I love using Cloud Pub/Sub, especially it’s worry free operation. Every time after talking to people running a Kafka cluster and their complaints about the high operational cost of keeping it up and running, I love it even more. But Kafka does have one feature that Cloud Pub/Sub doesn’t have: the ability to store your streaming data forever. Well… lets do something about that and let us implement a infinite backup system with the lowest operational cost possible.
The first thing we need is unlimited storage. The obvious choice is Cloud Storage because it’s the cheapest. But it has the limitation that it’s not so ideal for steaming data into it. The other service that has kinda unlimited storage is BigQuery. Surprisingly it has exactly the same price tag as Cloud Storage and it has a streaming insert API. It even automaticly drops the price by 50% per partition if you don’t ingest data in that partition for 90 days.
If you look at all the characteristics I think we’ve found our ideal storage engine. It even comes with the added value that you have a nice web interface to give you debugging power and some insight on your streaming data.
Designing a schema seems straight forward. Just store everything in the Pub/Sub message. Luckily BigQuery has a binary datatype so we can store any type of message. I also prefer to store both the message- and the processing timestamp so you at least know when the message was backed up. Ideally they should be very close to the message timestamp.
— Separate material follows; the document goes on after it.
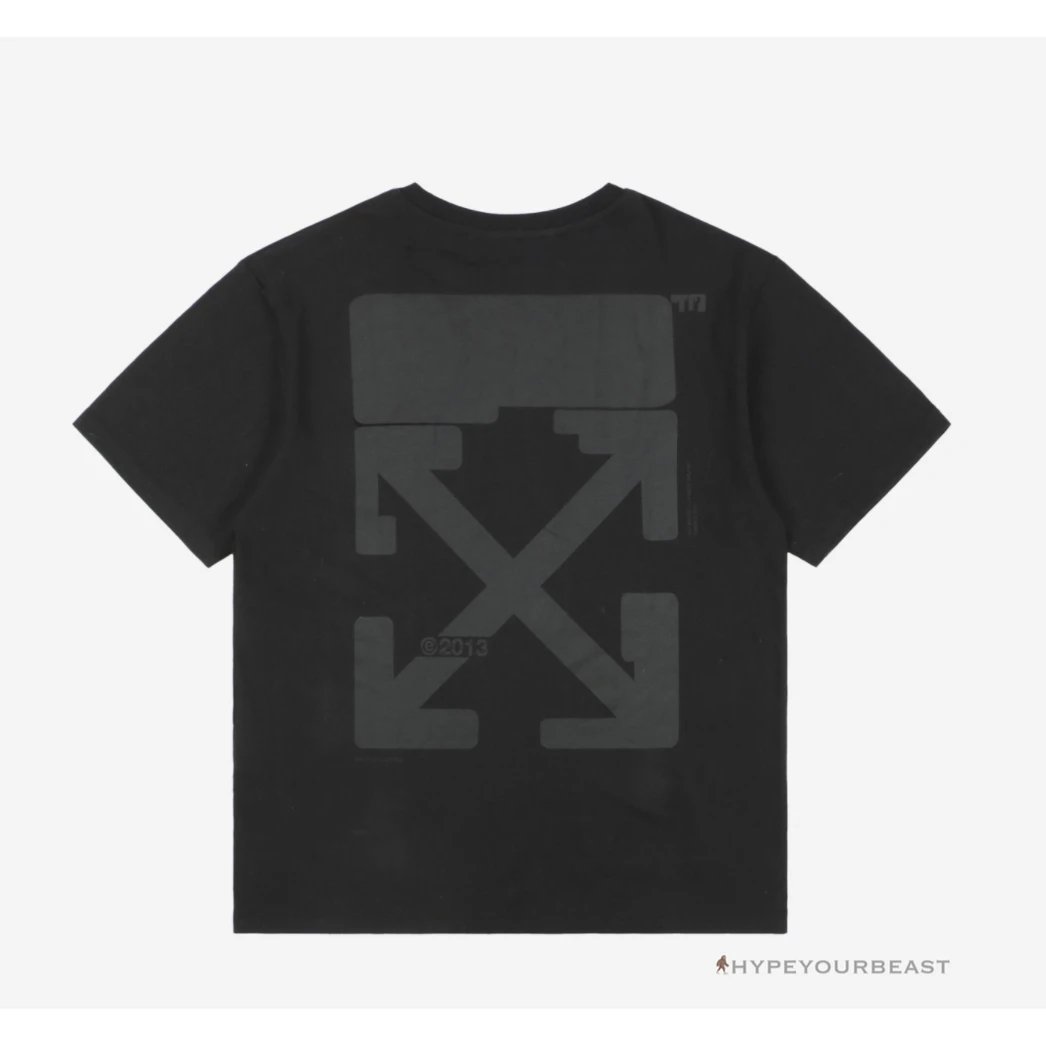 HypeYourBeast Off White Tee Shirt Black Grey 2 HypeYourBeast Off White Tee Shirt Black Grey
I stream different topics into one table so I’ll add the topic to the schema as well (your requirement could be different and maybe justify a table per topic). Also don’t forget to backup the potential attributes that could be attached to your messages.
Cloud Dataflow backup pipeline
Now that we have our storage system we need something to take the actual backup. Cloud Dataflow seems like the ideal candidate, it uses the Apache Beam model that has the same semantics for streaming and batch. This means you can reuse the same code later when you want to read your data back from backup in batch mode.
Cloud Dataflow is also a managed service, this helps bring down the operational cost. So throwing all ingredients in the mix ( Cloud Pub/Sub, BigQuery and Cloud Dataflow) we now have to think about the code.
This is surprisingly easy. Read the Pub/Sub subscription of the topic you want to backup is a no brainer. Note that each subscription has a retention of 7 days giving you enough time to update your pipeline. Next up, transform the message into a TableRow for ingestion into BigQuery and then flatten all your subscriptions out so you only have one output table. The only tricky thing is that you want to have a partition per day, but I’ve already touched upon the auto BigQuery partitioning in an Apache Beam pipeline in a previous article so that’s solved as well.
Thats all there is to it. One of the simplest beam pipelines you can build and it’s able to handle dozen of Pub/Sub topic at the same time and streaming backup into BigQuery. Running your pipeline you’ve got the following benefits:
- Cheapest storage for your message backup
- Automatic 50% discount after 90 days of storage
- 7 day Pub/Sub subscription buffer
- Only one Cloud Dataflow running
Maybe it’s not as powerful as the Kafka storage API it comes pretty close and without the worries about running a Kafka cluster.
You can checkout a complete working example at my GitHub page, make sure to create backup subscriptions and adapt the config file like the example above:
Contribute to pubsub-backup development by creating an account on GitHub.
Now you can sleep on both ears knowing that all your published messages are backed up.
Side-note: I was quite surprised how few people use this simple technique. I’ve been using this technique with success for over a year in production (although with the old BigQuery partitioning). I was quite happy when Spotify published it’s technique for it’s backups in it’s article “Reliable export of Cloud Pub/Sub streams to Cloud Storage” but I was quite surprised about the complexity of the solution. I think my technique is as reliable, but far easier to write and operate. Maybe it breaks apart when you work at the scale of Spotify, but I’ll see then when I reach that point.